How much percentage should a business owner own in a foreign country?
Foreign direct investment is classified as such when a business or an individual occupies around 10% of a foreign conglomerate. The occupied percent can be more than 10% in other cases. However, when the occupied percent is lesser than 10%, then it is defined as part of her or his stock portfolio by the International Monetary Fund. But as one can imagine, this 10% of ownership doesn't allow the investor to have any control over the interest, but it does let them assert influence over the operations, policies, and management of the company.
Features of Foreign Direct Investments
- These are mainly made in those open economies which come with a skilled workforce as well as an above average growth prospect for the investor in question.
- FDI also involves a lot more than just capital investment.
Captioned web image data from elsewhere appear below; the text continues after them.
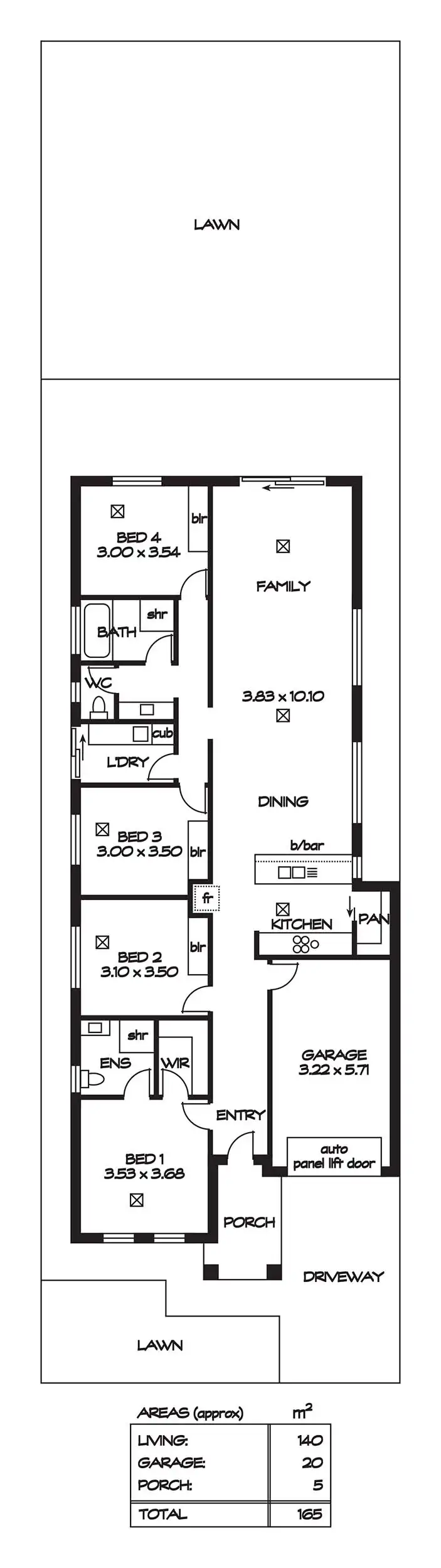 Floorplan of Homely house listing, 16A Charmouth Road, Davoren Park SA 5113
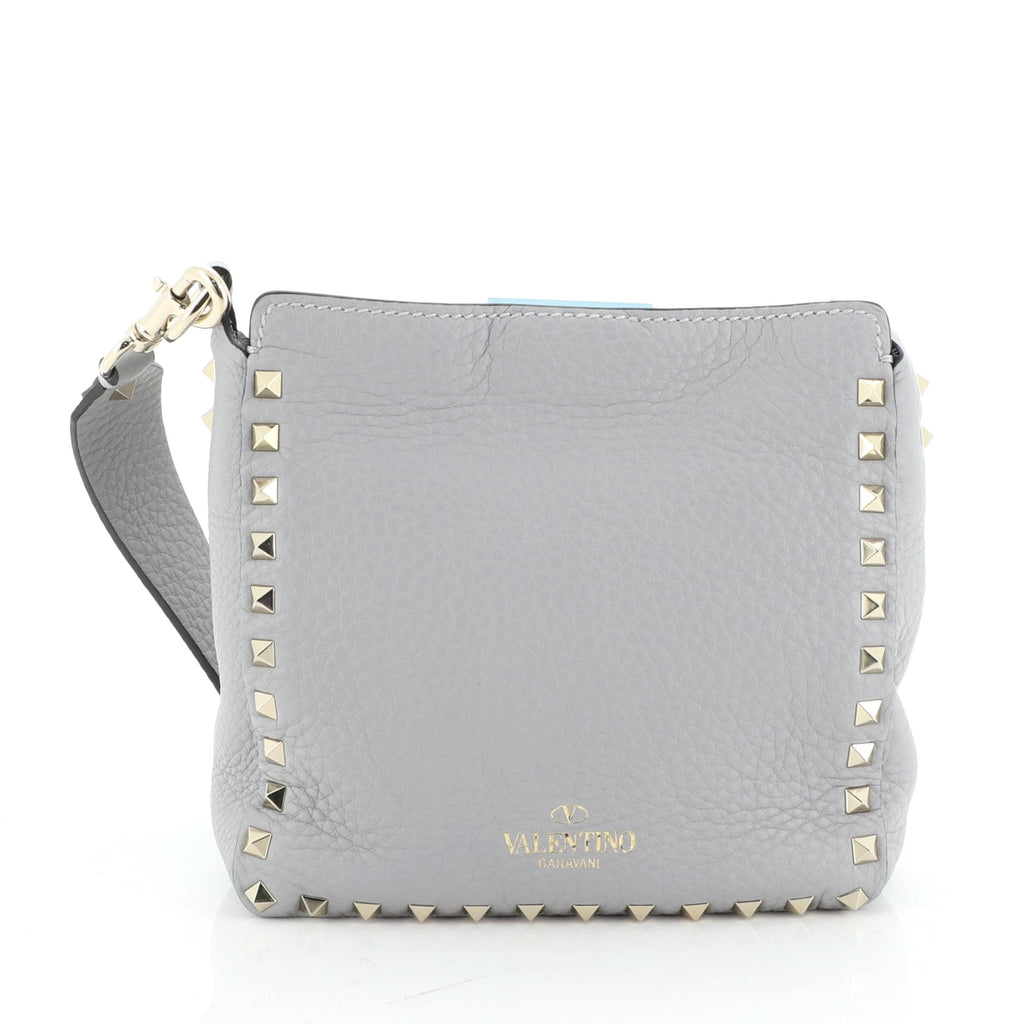 Rockstud Flip Lock Messenger Bag Leather Mini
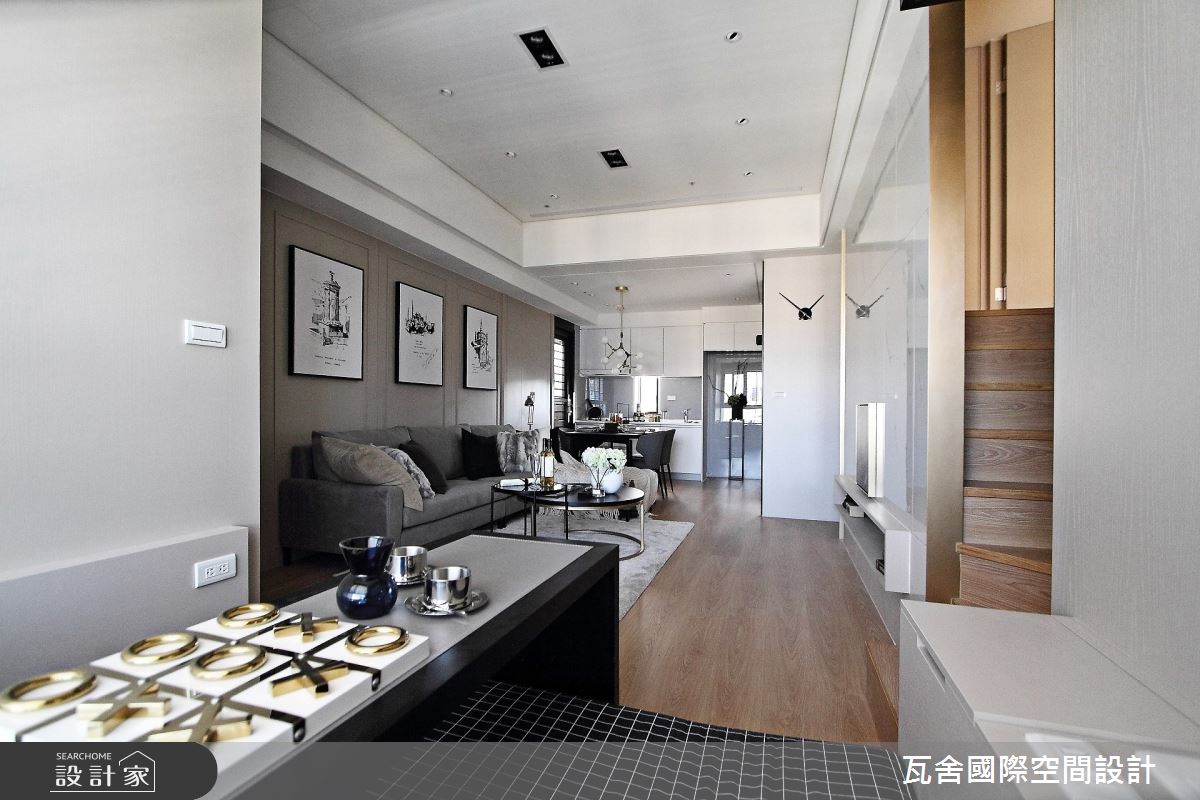 毛胚屋＿簡約風客廳餐廳廚房樓梯多功能室案例圖片＿瓦舍國際空間設計＿瓦舍_05之17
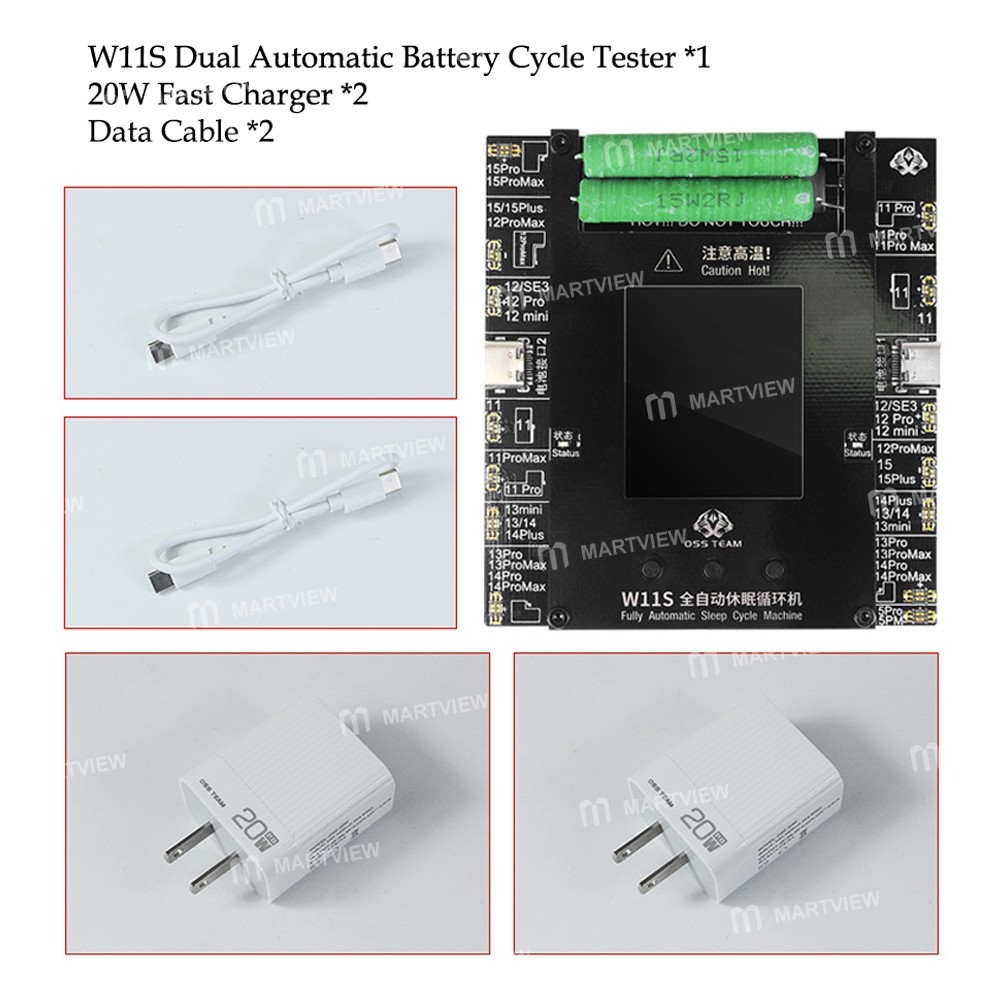 oss team-w11s-dual-channel-automatic-battery-cycle-tester-for-iphone-8-to-15pro-max-7
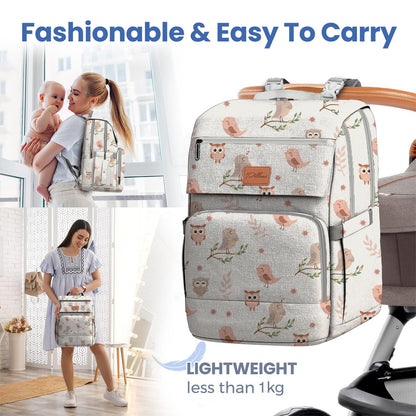 Baby Diaper Bag Backpack - Large Bag for Boys & Girls, Waterproof Diaper Backpack - Travel Diaper Bags w/Changing Pad, Baby Registry Search & Shower Gifts - Essentials Must Haves Newborn Stuff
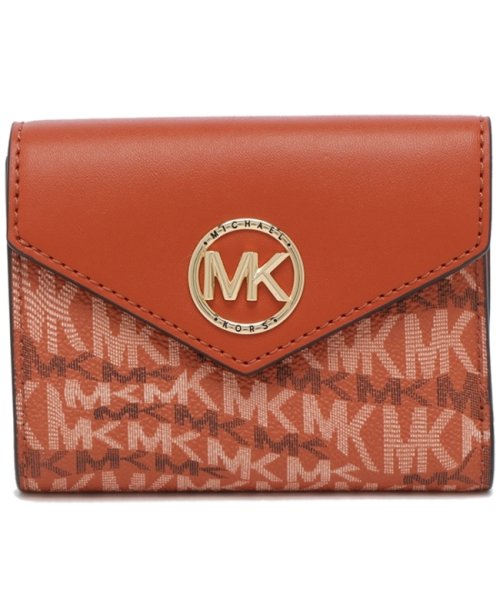 MICHAEL KORS(マイケルコース)/マイケルコース 三つ折り財布 グリニッジ ミニ財布 オレンジ レディース MICHAEL KORS 32F2GGRE6I 855/img05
There are provisions of technology or management too.
- The main feature of foreign direct investment is that it establishes substantial influence over the whole decision-making process of international business.
Methods of Foreign Direct Investment
FDI can be made in some ways, like opening up of an associate company or subsidiary in a foreign nation or getting a controlling interest in that of an already existing foreign corporation. It can also be done by going through a joint venture or merger with a foreign corporation.
Perks of Foreign Direct Investment
- It makes local economic benefits possible in various locations: The individuals and companies who take part in FDI can easily stimulate economic growth for the community at a local level. Profits can get reinvested in creating more organizational opportunities or in workers, which will, in turn, do new jobs and also more FDI opportunities along with them.
- International trade becomes easier: There are important tariffs which are imposed by various countries for goods and services which enter their borders. This can make it challenging to keep products at affordable prices. But through FDI, it can be possible to either eliminate these tariffs or limit them at the least. This also ends up giving the local businesses more control over the market while simultaneously maintaining competitive prices.
- New technologies: FDI brings in better technologies which may not be available in the target country. Examples can include satellites being launched with the aid of other nations to enable the growth of communication in the country.
- Increase in Capital inflow: FDI also allows for improved capital inflow in the country, especially in the important sectors. Apart from money, it can also include monetary investment so that there can be rapid economic development in the nation.
Foreign direct investment is an essential factor in the growth and development of a country. It helps propel it forward.